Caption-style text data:
★ ★ ★ ★

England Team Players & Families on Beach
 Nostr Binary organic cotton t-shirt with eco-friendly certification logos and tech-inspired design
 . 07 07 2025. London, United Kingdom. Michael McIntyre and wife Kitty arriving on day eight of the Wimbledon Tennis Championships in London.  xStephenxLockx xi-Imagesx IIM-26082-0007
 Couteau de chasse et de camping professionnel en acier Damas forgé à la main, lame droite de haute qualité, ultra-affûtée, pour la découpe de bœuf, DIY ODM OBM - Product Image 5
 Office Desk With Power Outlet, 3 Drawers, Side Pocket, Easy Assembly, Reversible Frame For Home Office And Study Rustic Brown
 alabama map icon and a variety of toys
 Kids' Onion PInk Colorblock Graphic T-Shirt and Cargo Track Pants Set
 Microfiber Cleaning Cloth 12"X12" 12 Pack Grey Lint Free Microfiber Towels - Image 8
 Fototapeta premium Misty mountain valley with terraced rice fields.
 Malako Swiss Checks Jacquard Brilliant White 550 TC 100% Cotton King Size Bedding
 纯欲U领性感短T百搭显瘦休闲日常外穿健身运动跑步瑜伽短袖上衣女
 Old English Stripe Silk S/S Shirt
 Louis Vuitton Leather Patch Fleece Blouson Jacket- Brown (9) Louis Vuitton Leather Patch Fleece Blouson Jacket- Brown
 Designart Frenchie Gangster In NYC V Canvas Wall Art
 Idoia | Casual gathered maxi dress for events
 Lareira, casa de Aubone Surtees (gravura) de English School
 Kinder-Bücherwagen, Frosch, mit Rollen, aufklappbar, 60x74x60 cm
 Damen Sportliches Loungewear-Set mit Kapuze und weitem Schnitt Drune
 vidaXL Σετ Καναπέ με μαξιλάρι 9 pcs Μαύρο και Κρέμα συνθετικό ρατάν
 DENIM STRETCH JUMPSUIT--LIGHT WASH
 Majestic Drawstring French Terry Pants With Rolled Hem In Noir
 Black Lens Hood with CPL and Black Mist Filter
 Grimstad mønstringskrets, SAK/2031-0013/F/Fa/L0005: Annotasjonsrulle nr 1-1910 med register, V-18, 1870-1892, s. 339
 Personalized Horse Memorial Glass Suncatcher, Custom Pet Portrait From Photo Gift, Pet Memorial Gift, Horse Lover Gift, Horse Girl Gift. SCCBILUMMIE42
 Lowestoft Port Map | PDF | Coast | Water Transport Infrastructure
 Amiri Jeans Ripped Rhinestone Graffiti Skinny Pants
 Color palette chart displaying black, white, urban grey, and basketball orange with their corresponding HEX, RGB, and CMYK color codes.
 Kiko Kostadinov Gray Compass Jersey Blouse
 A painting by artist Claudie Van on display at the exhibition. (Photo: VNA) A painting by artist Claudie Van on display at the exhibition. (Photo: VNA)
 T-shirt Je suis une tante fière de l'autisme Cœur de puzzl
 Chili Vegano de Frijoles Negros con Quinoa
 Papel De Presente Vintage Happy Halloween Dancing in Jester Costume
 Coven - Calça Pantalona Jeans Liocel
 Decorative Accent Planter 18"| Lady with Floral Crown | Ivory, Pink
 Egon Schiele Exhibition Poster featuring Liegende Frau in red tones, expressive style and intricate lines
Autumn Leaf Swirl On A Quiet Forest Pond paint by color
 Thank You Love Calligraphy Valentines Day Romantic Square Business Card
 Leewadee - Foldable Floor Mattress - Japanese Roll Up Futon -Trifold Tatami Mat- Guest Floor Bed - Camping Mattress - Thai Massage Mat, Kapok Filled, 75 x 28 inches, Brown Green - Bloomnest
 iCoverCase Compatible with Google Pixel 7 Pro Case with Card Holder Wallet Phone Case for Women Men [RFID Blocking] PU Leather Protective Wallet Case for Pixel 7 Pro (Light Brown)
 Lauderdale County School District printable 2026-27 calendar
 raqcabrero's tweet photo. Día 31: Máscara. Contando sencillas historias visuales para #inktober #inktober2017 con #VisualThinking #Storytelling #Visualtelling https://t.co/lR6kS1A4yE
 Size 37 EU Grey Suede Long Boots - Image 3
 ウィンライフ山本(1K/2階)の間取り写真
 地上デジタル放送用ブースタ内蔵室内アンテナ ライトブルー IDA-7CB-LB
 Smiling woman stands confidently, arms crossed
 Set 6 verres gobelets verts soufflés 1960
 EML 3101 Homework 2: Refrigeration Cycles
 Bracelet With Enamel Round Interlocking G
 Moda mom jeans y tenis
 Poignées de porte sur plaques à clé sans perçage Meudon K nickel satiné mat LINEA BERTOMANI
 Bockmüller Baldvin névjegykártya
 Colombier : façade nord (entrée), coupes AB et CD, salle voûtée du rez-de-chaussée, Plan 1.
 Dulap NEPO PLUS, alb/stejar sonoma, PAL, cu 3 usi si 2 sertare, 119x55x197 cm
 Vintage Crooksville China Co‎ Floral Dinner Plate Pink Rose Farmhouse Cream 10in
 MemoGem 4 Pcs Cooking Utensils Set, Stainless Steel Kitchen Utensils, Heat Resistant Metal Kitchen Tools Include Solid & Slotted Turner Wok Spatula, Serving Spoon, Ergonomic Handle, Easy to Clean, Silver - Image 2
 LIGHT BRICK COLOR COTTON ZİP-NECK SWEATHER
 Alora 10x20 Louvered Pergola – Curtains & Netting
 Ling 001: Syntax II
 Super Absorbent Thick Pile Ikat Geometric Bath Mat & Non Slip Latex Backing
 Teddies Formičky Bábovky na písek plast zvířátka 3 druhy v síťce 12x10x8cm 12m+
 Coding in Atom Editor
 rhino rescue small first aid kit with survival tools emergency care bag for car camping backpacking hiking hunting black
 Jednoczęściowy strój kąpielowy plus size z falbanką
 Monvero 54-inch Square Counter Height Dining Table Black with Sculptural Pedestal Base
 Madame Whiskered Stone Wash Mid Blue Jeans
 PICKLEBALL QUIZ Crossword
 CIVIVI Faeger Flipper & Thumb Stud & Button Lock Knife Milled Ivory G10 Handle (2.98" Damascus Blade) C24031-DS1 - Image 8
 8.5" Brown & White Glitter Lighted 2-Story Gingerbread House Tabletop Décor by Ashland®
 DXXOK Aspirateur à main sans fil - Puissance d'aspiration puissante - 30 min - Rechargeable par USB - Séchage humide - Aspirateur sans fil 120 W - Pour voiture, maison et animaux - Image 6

★ ★ ★ ★

### [ABOUT THIS TASK]
Repeat only the tail of the entries, exactly: the line containing "Madame Whiskered Stone Wash Mid Blue Jeans" and every line after it, to the end.

### [RESPONSE BELOW]
 Madame Whiskered Stone Wash Mid Blue Jeans
 PICKLEBALL QUIZ Crossword
 CIVIVI Faeger Flipper & Thumb Stud & Button Lock Knife Milled Ivory G10 Handle (2.98" Damascus Blade) C24031-DS1 - Image 8
 8.5" Brown & White Glitter Lighted 2-Story Gingerbread House Tabletop Décor by Ashland®
 DXXOK Aspirateur à main sans fil - Puissance d'aspiration puissante - 30 min - Rechargeable par USB - Séchage humide - Aspirateur sans fil 120 W - Pour voiture, maison et animaux - Image 6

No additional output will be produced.